Chuck Berry em São Paulo
“O véio ta querendo entrar antes”, diz apressadamente uma pessoa do HSBC Brasil pelo walkie talkie. Ela entra por uma porta que dá passagem ao camarim, e retorna alguns segundos depois: “Ele VAI começar o show antes”! As luzes se apagam, abrem-se as cortinas vermelhas do palco, e ouvem-se os primeiros acordes de “Memphis Tennessee”. Faltam dez minutos para as 22h, e todos procuram seus lugares para ver uma lenda do rock.
Aos 81 anos, Charles Edward Anderson Berry encarna no palco do HSBC Brasil o personagem que todos conhecem dede 1955 como Chuck Berry: quepe de marinheiro, uma brilhante camisa vermelha, calça e sapatos pretos, e sua inconfundível Gibson ES-350T semi-acústica. Mais de 50 anos separam o debute de Chuck Berry na indústria da música pela gravadora Chess deste show, e é preciso levar isso em consideração. Se o tempo passa, porém, a lenda permanece.
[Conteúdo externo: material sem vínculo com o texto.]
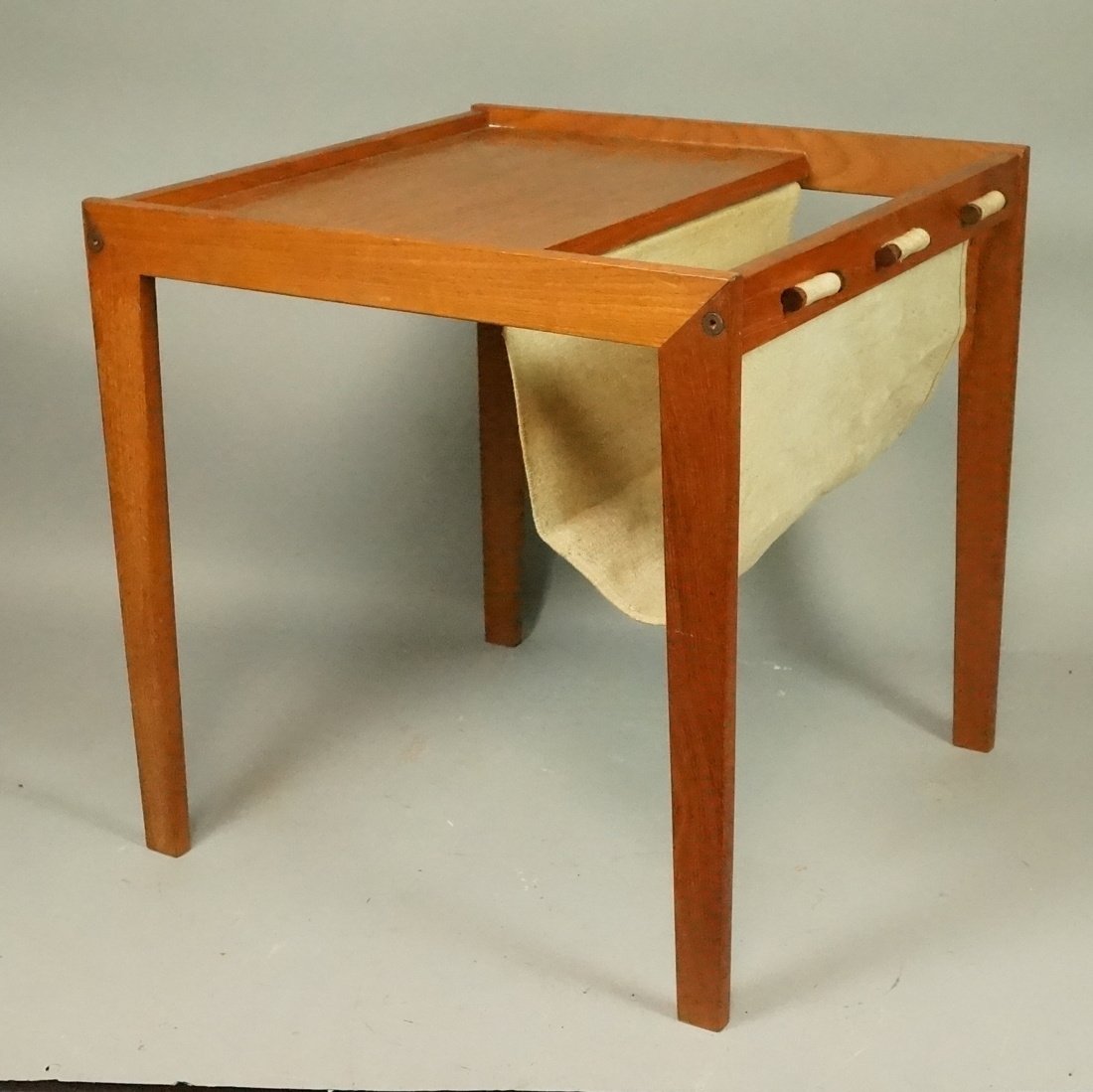 Danish Teak Magazine Rack Side Table. Linen sling (1 of 8)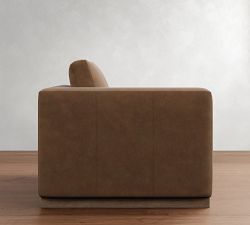 Build Your Own Carmel Wide Arm Wood Base Leather Sectional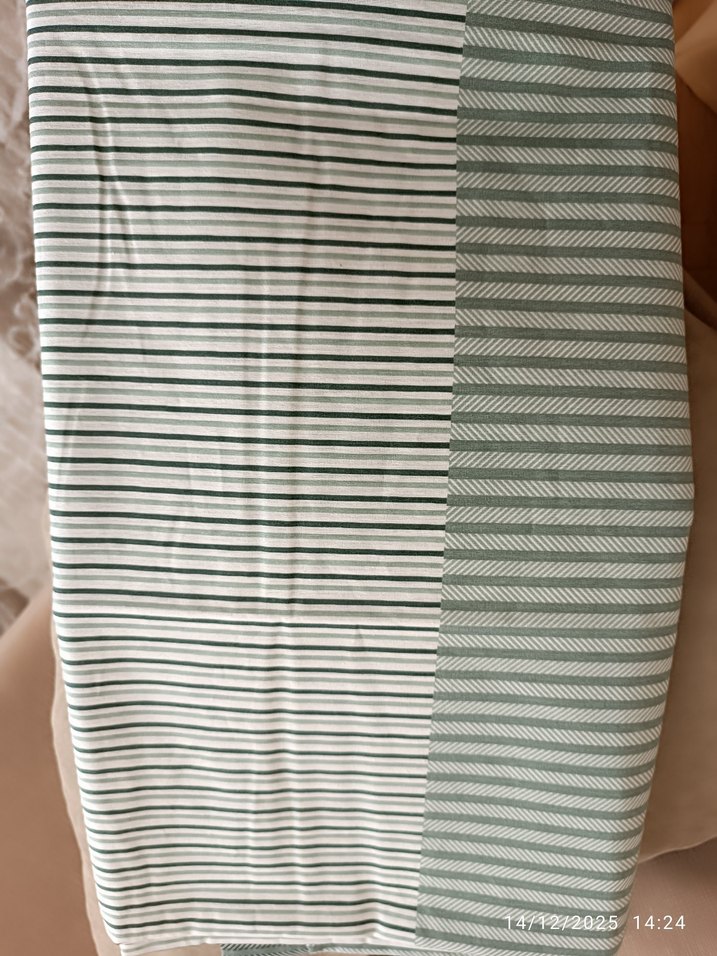 Yeşil Çizgili Çift Kişilik SADECE Nevresim - Görsel 3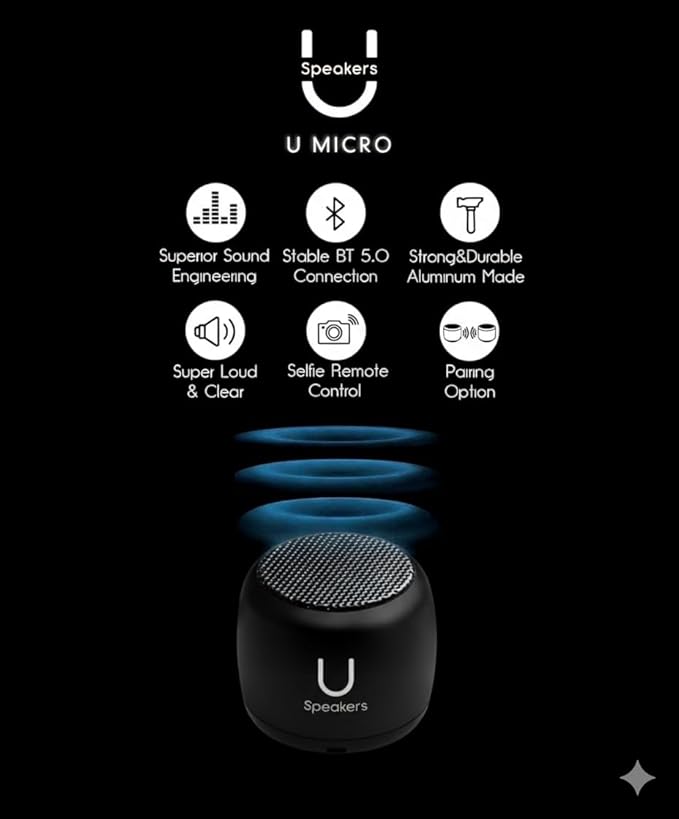 Fashionit U Micro - Small Bluetooth Speaker | Coin-Sized Speakers Bluetooth Wireless with Built-in Mic & Remote Shutter | Portable Rich Sound for Travel, Shower, Beach | Black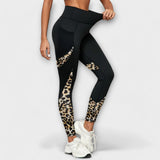 Pantalon de sport taille haute avec motif léopard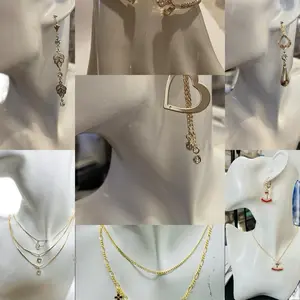 18K Gold Plated Fine Brazilian Jewelry Long Earrings Pendants Chains in All Sizes Rosaries and More for Stylish Accessories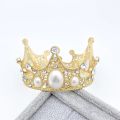 Fashion Simple Pearl Rhinestone Small Round Crown Headdress Birthday Cake Decoration Children's Sweet And Cute Hair Accessories. 
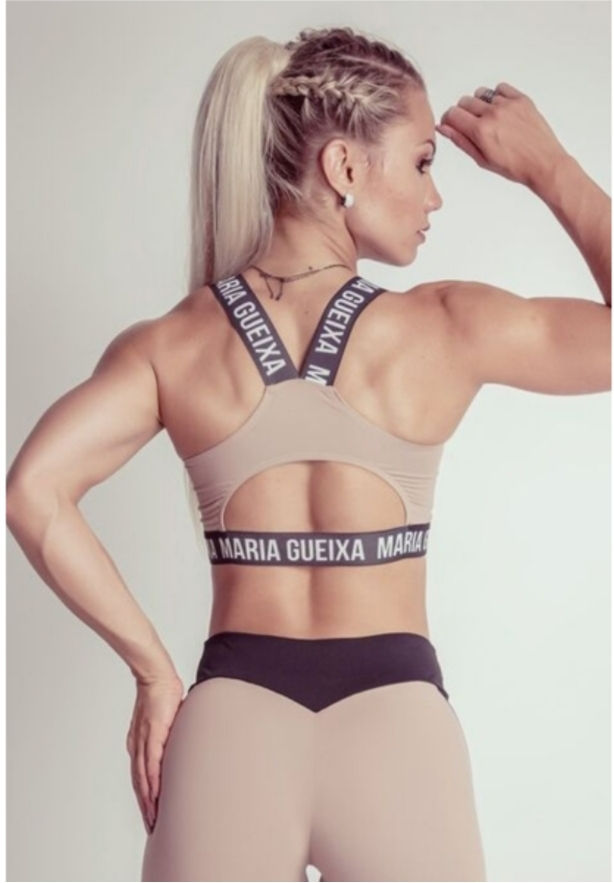 Thumbnail: MARIA GUEIXA NETTED CUTOUT FITNESS TOP - 005122, brazilian beige sports bra, mesh sports bra
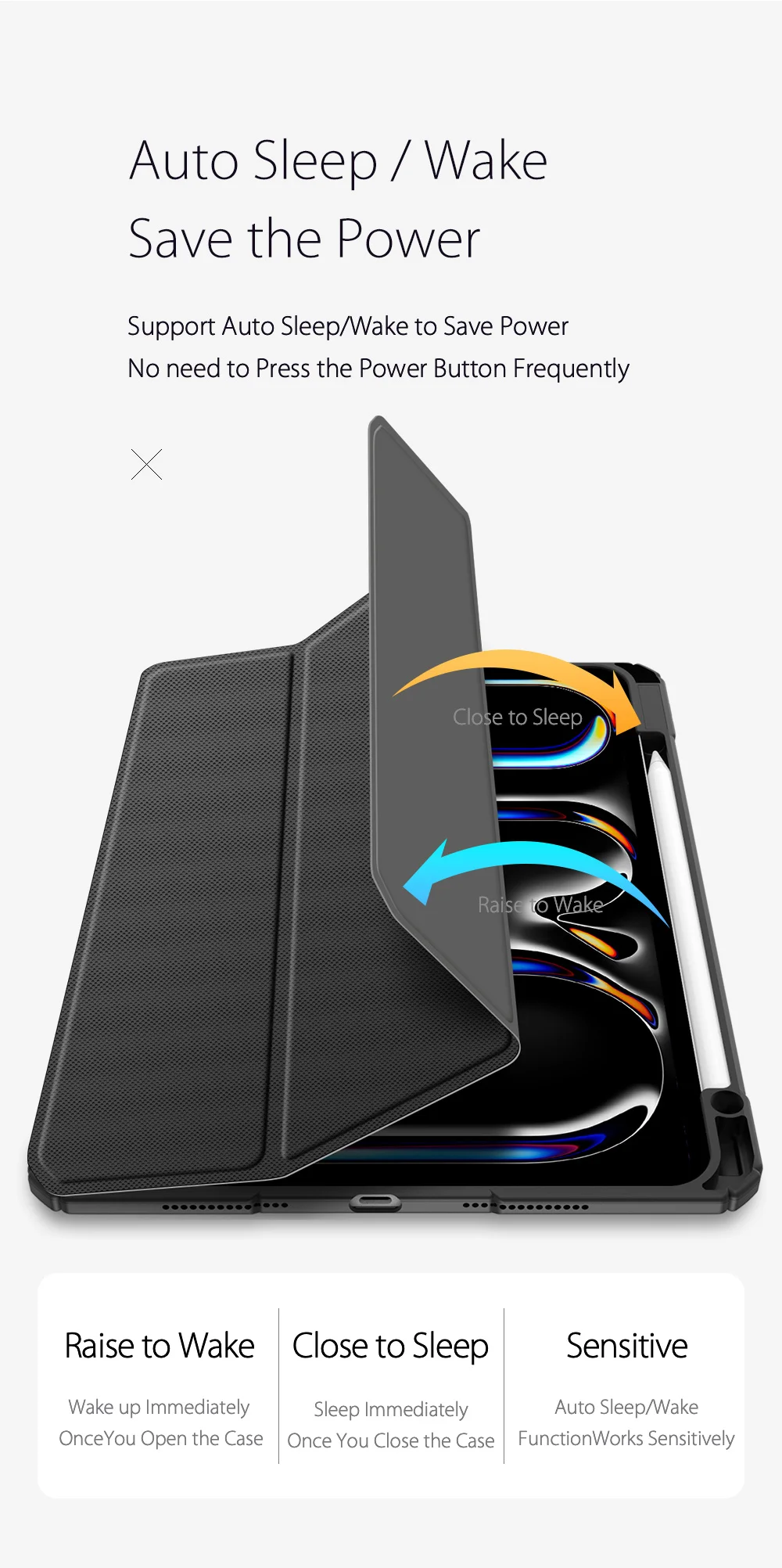 DUX DUCIS TOBY Series For iPad Pro 11 (2024) Case PU Leather Business Tri-fold Stand Tablet Cover with Pen Holder - Black-Cellmalls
“Eu espero que ao menos metade de vocês nunca tenha ouvido essa canção”, dispara antes de tocar a introdução de “School Days”. Urros e assovios celebram a música, e dão um panorama do público, que vai desde uma menina de aparentemente sete anos até senhoras e senhores grisalhos que devem ter dançado muito ao som desses riffs em bailinhos dos anos sessenta e setenta. Mas um grande número de adolescentes também prestigia a lenda em um show que poderia ter o adjetivo “família”.
Os clássicos se atropelam (”Nadine”, “My Ding-a-Ling”, “Sweet Little Sixteen”) em versões mais lentas que as originais. A cada batida dos dedos de Berry na guitarra, uma corda desafina. O som de sua Gibson está bem à frente da Fender de seu filho, Charles Edward Anderson Berry Jr., que faz as bases enquanto os dedos do pai buscam os riffs clássicos de canções que receberam versões de Beatles e Rolling Stones (como “Carol” “Rock and Roll Music” e “Johnny B. Goode”) e mais uma centena de intérpretes.
“You Never Can Tell”, que voltou ao imaginário pop nos anos 90 através de Quentin Tarantino – que a inseriu em “Pulp Fiction” embalando a já clássica dança de John Travolta com Uma Thurman – surge cambaleante, mas divertida. Na seqüência, Berry pergunta qual música o público gostaria de ouvir. Uma senhora chega perto do palco e lhe pede uma canção. “Mas essa música não é minha!”, diz em tom de deboche o guitarrista enquanto emenda um clássico. Após 60 minutos de apresentação, Berry deixa o palco – superlotado de ladys – ao som de “Reelin’ and Rockin’”.
O show foi um fiasco em uma análise crítica isenta de considerações. Berry desafinou sua guitarra em diversas oportunidades além de errar algumas passagens. Porém, é impossível ser isento quando se está à frente de uma das lendas do rock, um gênero que começou rebelde, assustando pais e mães cujos filhos viviam com “esse tal de roque enrow”. Chuck Berry desafinando é muito mais rock em conceito do que todos os discos do CPM 22 juntos. É preciso respeito com o véio. Ele merece.